Sans surprise, les médias ont reçu le message qu’il s’agissait là d’une entente généreuse. Le Journal de Montréal titrait d’ailleurs en grosses lettres : « Trois fois plus d’argent que prévu : Québec consent finalement une hausse salariale de près de 10% sur cinq ans à ses employés ». La CBC rapportait quant à elle que le gouvernement, avec cette offre, était maintenant à des années-lumière de son offre initiale. De façon similaire, Le Devoir, dans un article sur le sujet, avait comme sous-titre « Les employés "gagnants" ». Grâce à la conférence de presse du Front commun et au battage médiatique qui s’ensuivit, les Québécois et Québécoises ont eu l’impression que Noël était arrivé plus tôt en 2015 pour les travailleurs et travailleuses du secteur public !

La FAE a cependant communiqué un message très différent à propos de cette même entente salariale. Dans un communiqué de presse datant du 29 janvier 2016, la FAE mettait le public en garde : « Enfin, malgré l’information qui circule encore, les augmentations salariales totalisent bel et bien 5,25% sur cinq ans. » Le communiqué de presse expliquait aussi pourquoi les informations qui circulaient étaient incorrectes : « Quant aux deux montants forfaitaires proposés, ils ne constituaient pas des augmentations de salaire ». Quand les membres de la FAE ont finalement voté pour ratifier l’entente sur les salaires, le président de la FAE, Sylvain Mallette, a été tout à fait clair à propos de ce que cette entente signifiait pour les membres : « L’entente ne permet pas d’effectuer un rattrapage salarial et confirme l’appauvrissement des professeurs ».

Ainsi, alors que le Front commun exposait l’entente comme une hausse des salaires allant jusqu’à 10,25%, soit une hausse permettant de freiner l’appauvrissement des membres et qui devrait même résulter éventuellement en un certain rattrapage salarial, la FAE décrivait l’entente comme une hausse de 5,25%, soit une hausse ne permettant pas de stopper l’appauvrissement des membres et encore moins d’effectuer un quelconque rattrapage. Ces descriptions sont tellement à l’antithèse l’une de l’autre qu’on pourrait facilement penser qu’elles visent deux ententes différentes. Pourtant, considérant qu’elles décrivent exactement les mêmes dispositions salariales, force est de constater qu’il ne peut y avoir qu’une seule des deux descriptions qui est exacte.

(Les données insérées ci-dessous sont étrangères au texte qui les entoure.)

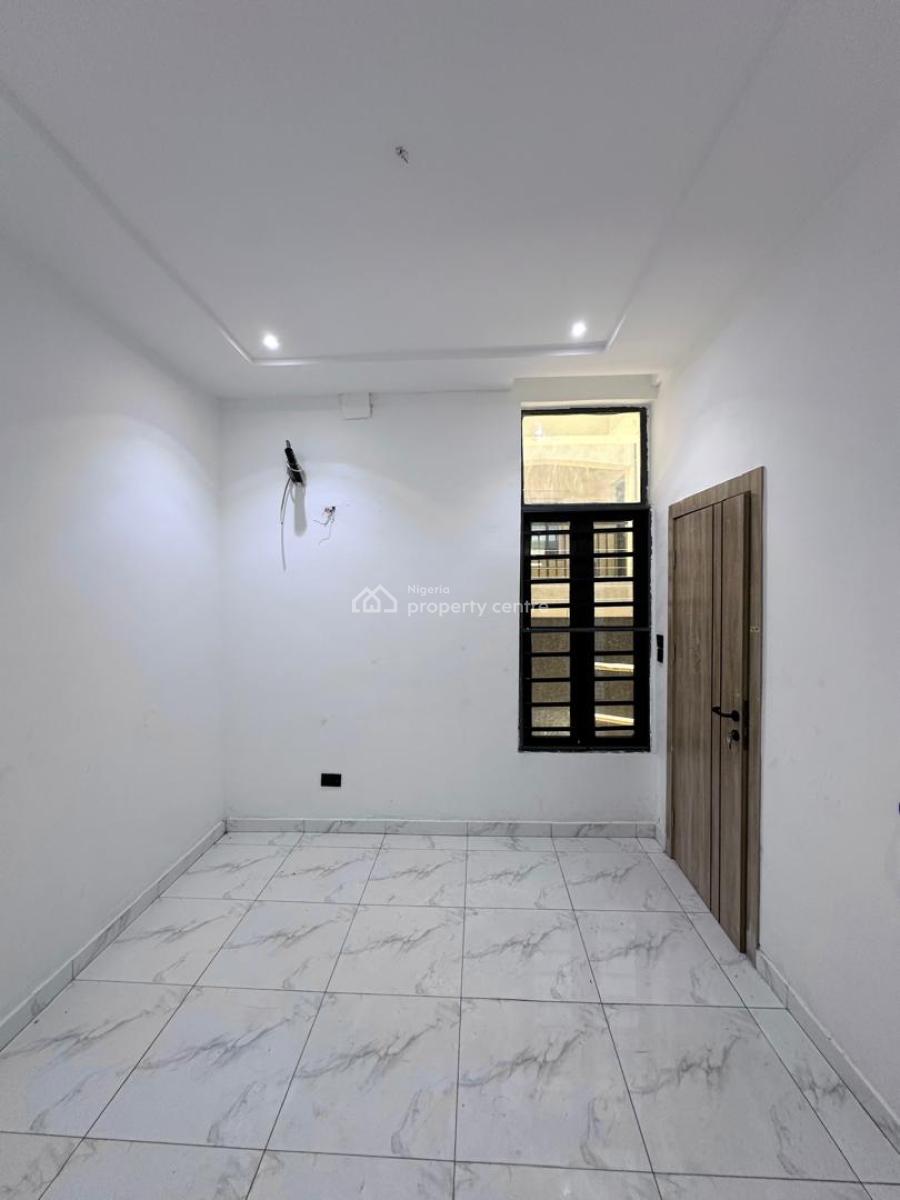 4 Bedroom Terrace Duplex with Bq, Ologolo, Lekki, Lagos, Semi-detached Duplex for Sale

Afin d’évaluer l’exactitude de ces deux affirmations, la première chose à faire est d’examiner l’inflation. Considérant que l’inflation au Québec a été en moyenne de 2% par année durant les trente dernières années, une entente qui stopperait effectivement l’appauvrissement des travailleurs et travailleuses devrait prévoir une hausse de salaire d’au moins 10% par année. Et encore là, une hausse de 10% pourrait se solder en un véritable rattrapage seulement si l’inflation demeurait aussi peu élevée que sa moyenne historique de 2%. Bien que ce soit certainement dans le domaine du possible, il y a une différence entre suggérer, comme le Front commun l’a fait, que ceci devrait arriver et préciser que ceci pourrait arriver. C’est d’autant plus le cas si l’on considère que les bas taux d’inflation des récentes années ont surtout été le fruit de la chute des prix de l’essence – prix qui selon les experts ne peuvent que remonter prochainement.

Ainsi, plus l’écart est grand entre la hausse actuelle de salaire et le seuil de 10%, plus l’affirmation que cette entente pourrait stopper l’appauvrissement continu des membres − ou même se solder par un rattrapage − est douteuse.

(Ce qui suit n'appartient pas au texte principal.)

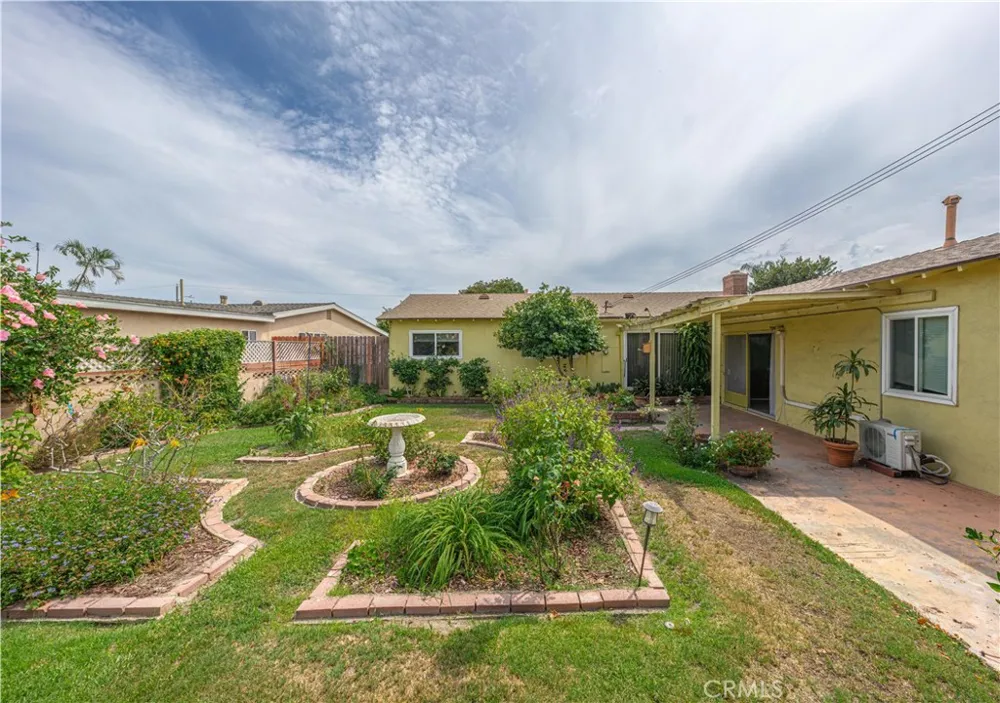 9881 Reading Avenue Garden Grove, CA 92844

Comme je l’ai écrit en janvier dernier dans Ricochet, l’affirmation du Front commun voulant que l’entente sur les salaires concède une hausse de salaire de 10,25% frise le ridicule. Non seulement cette affirmation confond sommes forfaitaires et hausses salariales, elle assimile également à une hausse salariale les fruits d’une négociation parallèle sur la relativité salariale ainsi que des sommes désignées comme étant des primes et des ajouts de ressources. Si l’on soustrait du 10,25% claironné par le Front commun le 1,5% de sommes forfaitaires, le 2,5% de relativité salariale et le 1% de primes et autres ajouts de ressources, l’on parvient à 5,25%, justement le chiffre offert par la FAE.

Visiblement, le Front commun a gonflé son taux de hausse salariale dans le but de convaincre ses membres et le public que ceci était une entente qu’on ne pouvait pas rejeter. Et pour le meilleur ou pour le pire, cette tactique a été fructueuse et la vaste majorité des membres a voté pour approuver l’entente. Maintenant, la question pour les quelque 400 000 membres du Front commun est la suivante : est-ce que la direction du Front commun devrait être tenue responsable pour ses subterfuges manipulateurs dans la présentation de l’entente salariale ? Même si l’on croyait sincèrement que cette entente salariale était la meilleure possible dans les circonstances, est-ce justifié qu’elle ait été présentée comme étant quelque chose qu’elle n’était pas réellement ? En d’autres mots, est-ce que les leaders du Front commun étaient justifiés d’adopter une approche paternaliste présumant que les membres ne sont pas assez intelligents pour comprendre correctement leur propre situation, simplement afin que l’entente soit ratifiée à tout prix ? Fallait-il absolument que les membres soient manipulés pour qu’ils et elles votent pour cette entente qui pourtant, selon ceux et celles qui l’ont négociée, était si clairement dans leur meilleur intérêt ?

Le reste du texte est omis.